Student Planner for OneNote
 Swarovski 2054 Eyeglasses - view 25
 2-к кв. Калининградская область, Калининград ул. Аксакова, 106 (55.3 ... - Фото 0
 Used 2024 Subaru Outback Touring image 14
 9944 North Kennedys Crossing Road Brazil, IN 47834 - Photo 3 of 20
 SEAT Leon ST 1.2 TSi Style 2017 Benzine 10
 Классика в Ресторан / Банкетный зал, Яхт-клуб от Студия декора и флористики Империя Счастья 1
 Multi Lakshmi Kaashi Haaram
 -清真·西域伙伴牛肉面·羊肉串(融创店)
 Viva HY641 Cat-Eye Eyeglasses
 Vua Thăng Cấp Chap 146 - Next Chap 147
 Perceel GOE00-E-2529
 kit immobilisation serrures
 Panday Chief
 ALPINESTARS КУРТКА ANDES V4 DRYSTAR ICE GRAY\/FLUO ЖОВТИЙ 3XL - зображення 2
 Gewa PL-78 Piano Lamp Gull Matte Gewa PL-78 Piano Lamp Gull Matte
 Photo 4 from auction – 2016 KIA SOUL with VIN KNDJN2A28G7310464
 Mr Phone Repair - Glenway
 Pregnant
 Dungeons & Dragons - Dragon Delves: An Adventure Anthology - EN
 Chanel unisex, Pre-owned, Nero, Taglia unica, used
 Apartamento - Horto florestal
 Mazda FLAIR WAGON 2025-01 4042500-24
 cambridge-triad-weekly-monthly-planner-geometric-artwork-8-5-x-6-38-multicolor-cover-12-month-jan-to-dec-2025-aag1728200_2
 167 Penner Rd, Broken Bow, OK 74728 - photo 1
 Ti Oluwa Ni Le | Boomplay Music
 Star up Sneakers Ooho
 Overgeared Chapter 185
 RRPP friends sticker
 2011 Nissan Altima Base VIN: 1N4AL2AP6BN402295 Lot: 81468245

Work to be completed
Output the line containing "kit immobilisation serrures" and each line after it through the close of the entries, unchanged and with no other lines.

Task result
 kit immobilisation serrures
 Panday Chief
 ALPINESTARS КУРТКА ANDES V4 DRYSTAR ICE GRAY\/FLUO ЖОВТИЙ 3XL - зображення 2
 Gewa PL-78 Piano Lamp Gull Matte Gewa PL-78 Piano Lamp Gull Matte
 Photo 4 from auction – 2016 KIA SOUL with VIN KNDJN2A28G7310464
 Mr Phone Repair - Glenway
 Pregnant
 Dungeons & Dragons - Dragon Delves: An Adventure Anthology - EN
 Chanel unisex, Pre-owned, Nero, Taglia unica, used
 Apartamento - Horto florestal
 Mazda FLAIR WAGON 2025-01 4042500-24
 cambridge-triad-weekly-monthly-planner-geometric-artwork-8-5-x-6-38-multicolor-cover-12-month-jan-to-dec-2025-aag1728200_2
 167 Penner Rd, Broken Bow, OK 74728 - photo 1
 Ti Oluwa Ni Le | Boomplay Music
 Star up Sneakers Ooho
 Overgeared Chapter 185
 RRPP friends sticker
 2011 Nissan Altima Base VIN: 1N4AL2AP6BN402295 Lot: 81468245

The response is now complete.